#### Your instructions:
Could you copy the records below exactly, keeping none of the images?

*** Records for the exercise Section Begins ***

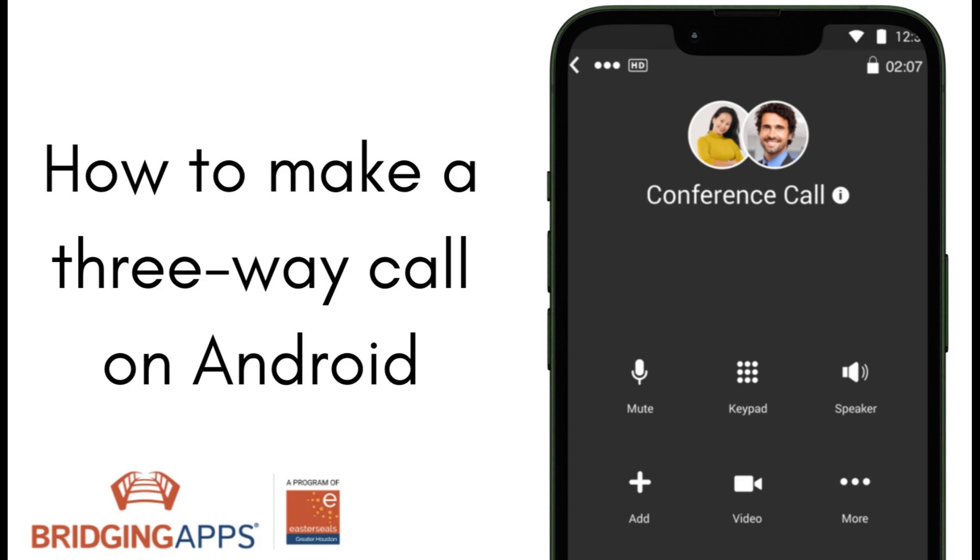Hi, this is Ale with Bridging Apps. Have you ever been on a call with someone and wish you could add a third person to the conversation?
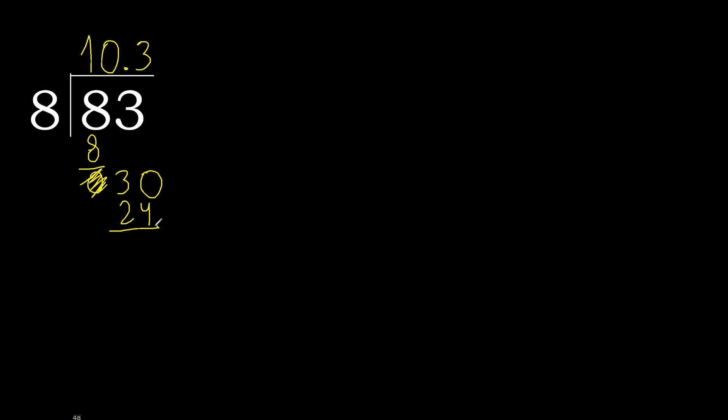30 minus 24, 6. Always complete with 0. 0 point.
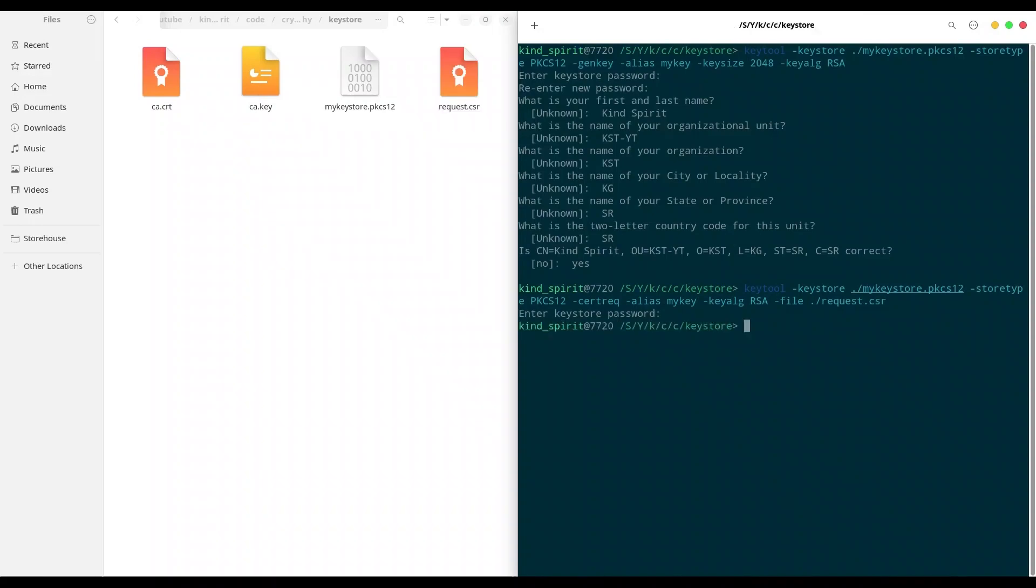And in the next step, we are going to use Certificate Authority Certificate and Certificate Authority Private Key in order to sign this request. But first, I'm going to clear my screen.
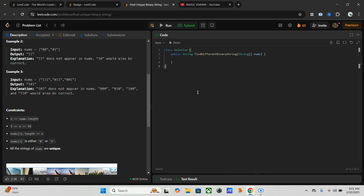For 3-length strings we enumerate all 8 possibilities: 000, 001, 010... and so on. Total 8 elements are there, so one among them could be correct. That's the way we have to write the code.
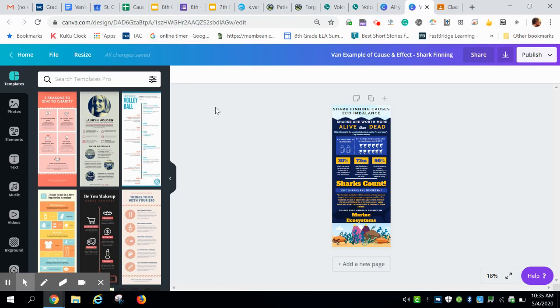So you're first going to log into Canva and pull up the infographic that you've been working on.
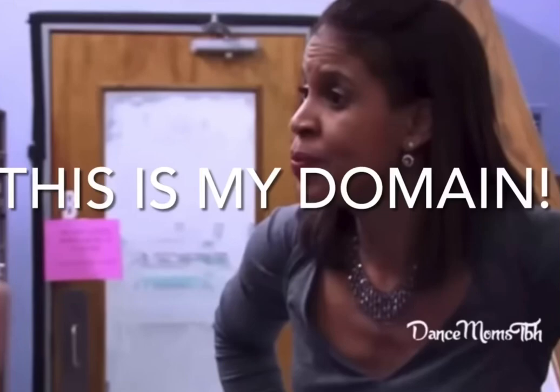S is for she's not a... T is for this is my domain! U is for ugly pathetic mouth!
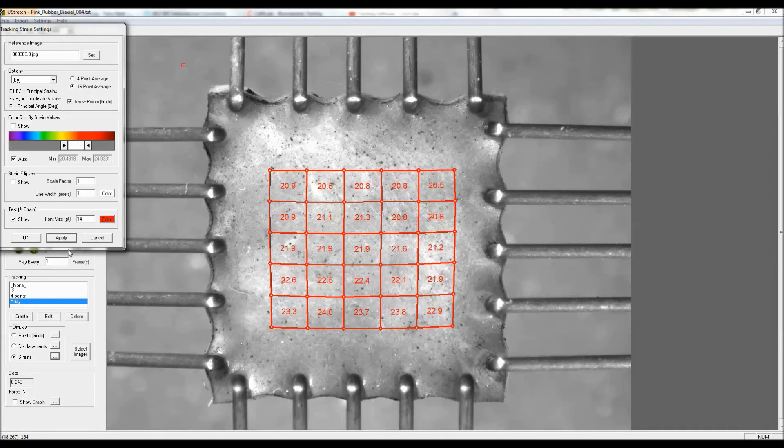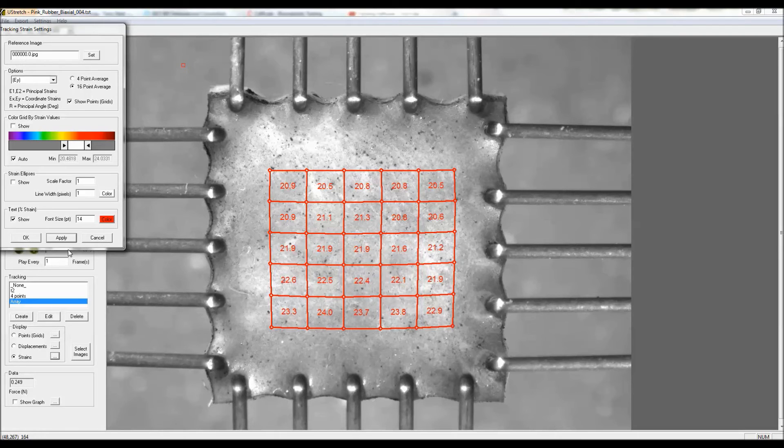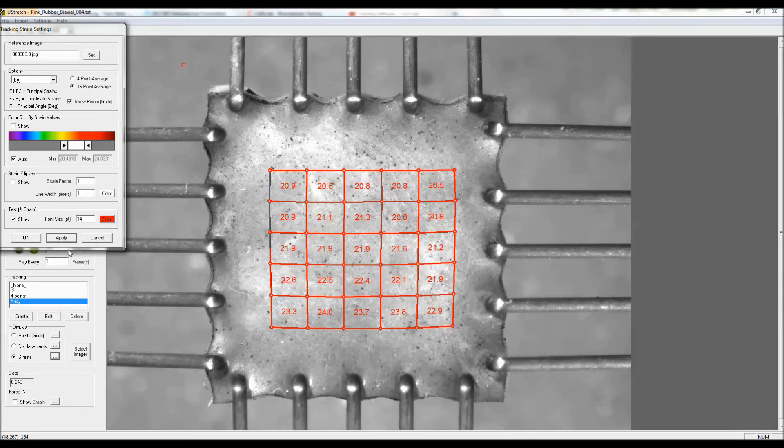That's really one of the main purposes of doing this kind of tracking, is to be able to verify that the strains based on the grip motion are in fact the strains that are seen by the material.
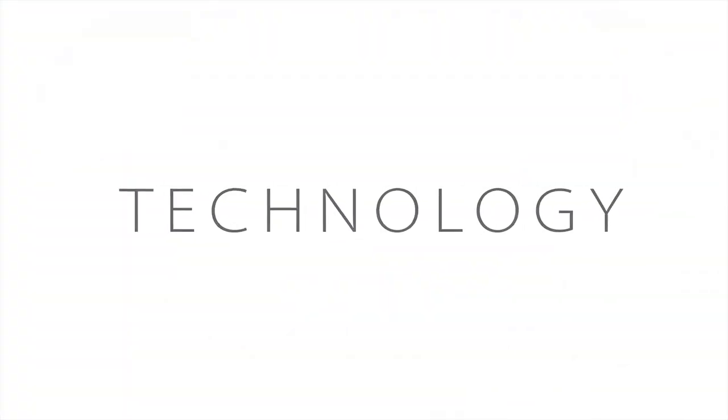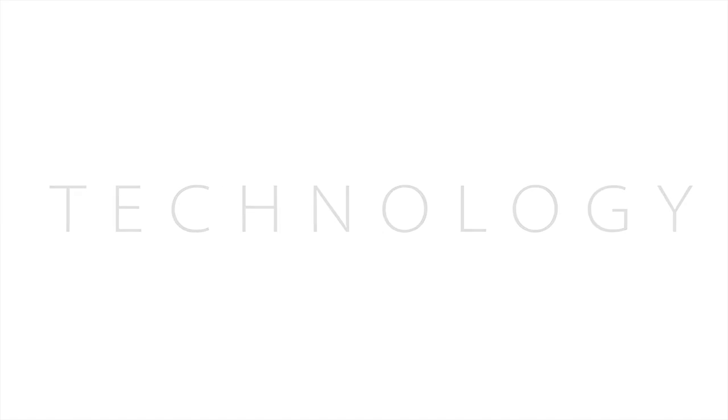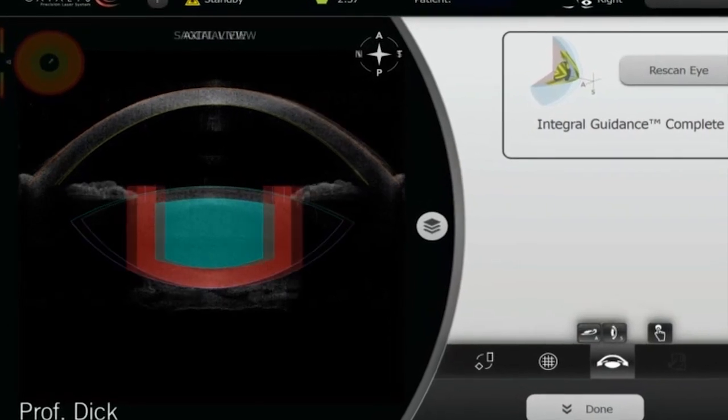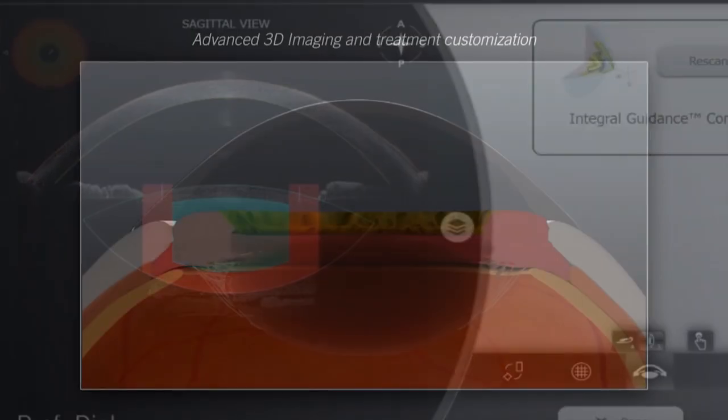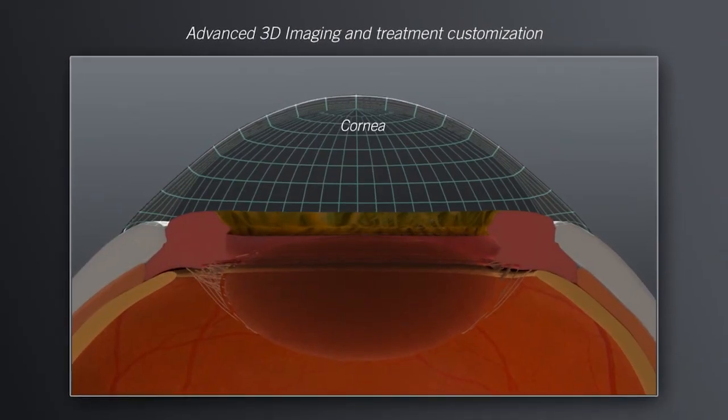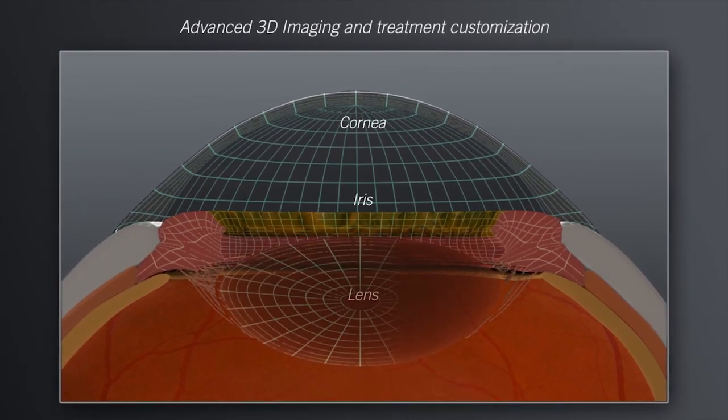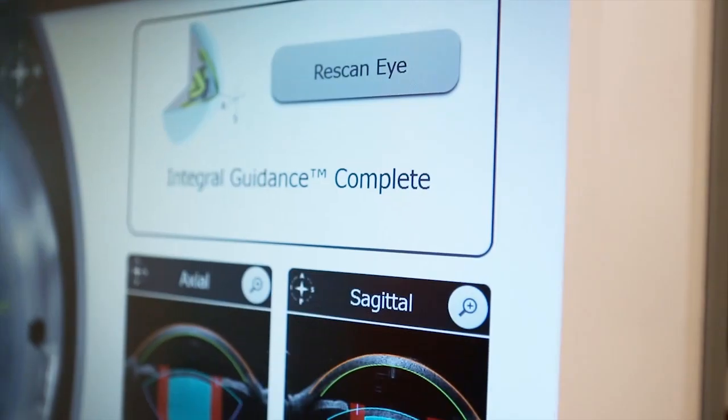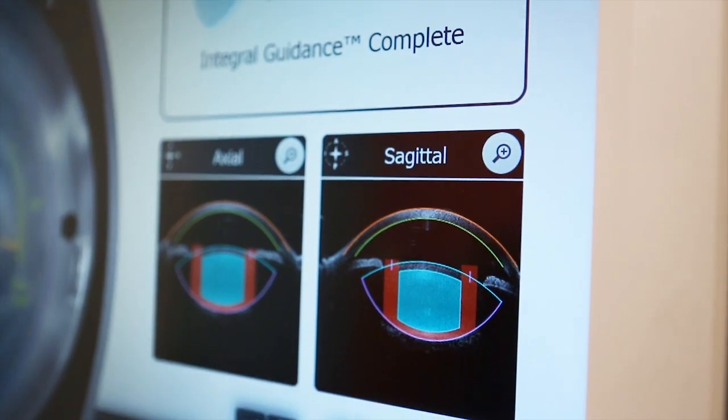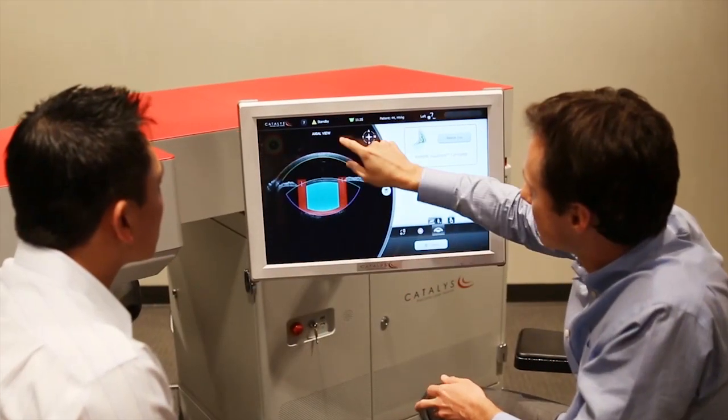The integral guidance is probably one of the most exciting aspects of the system. We've incorporated high resolution OCT imaging and then combine that with sophisticated algorithms that are able to recognize all the features of the eye, both surfaces of the lens and both surfaces of the cornea automatically.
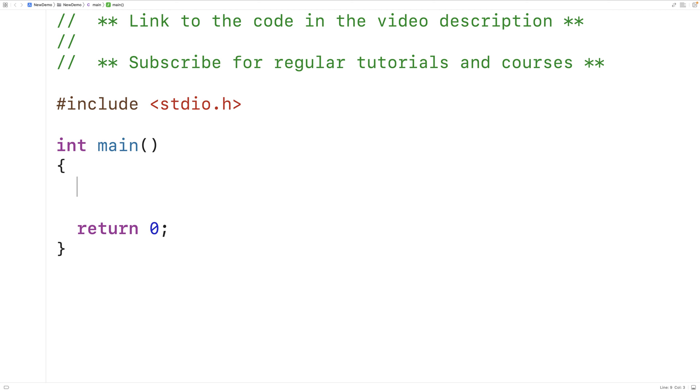In this video, we're going to learn how to count the number of unique elements in an array using C.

*** Records for the exercise Section Ends ***

#### Task solution:
Hi, this is Ale with Bridging Apps. Have you ever been on a call with someone and wish you could add a third person to the conversation?
30 minus 24, 6. Always complete with 0. 0 point.
And in the next step, we are going to use Certificate Authority Certificate and Certificate Authority Private Key in order to sign this request. But first, I'm going to clear my screen.
For 3-length strings we enumerate all 8 possibilities: 000, 001, 010... and so on. Total 8 elements are there, so one among them could be correct. That's the way we have to write the code.
So you're first going to log into Canva and pull up the infographic that you've been working on.
S is for she's not a... T is for this is my domain! U is for ugly pathetic mouth!
That's really one of the main purposes of doing this kind of tracking, is to be able to verify that the strains based on the grip motion are in fact the strains that are seen by the material.
The integral guidance is probably one of the most exciting aspects of the system. We've incorporated high resolution OCT imaging and then combine that with sophisticated algorithms that are able to recognize all the features of the eye, both surfaces of the lens and both surfaces of the cornea automatically.
In this video, we're going to learn how to count the number of unique elements in an array using C.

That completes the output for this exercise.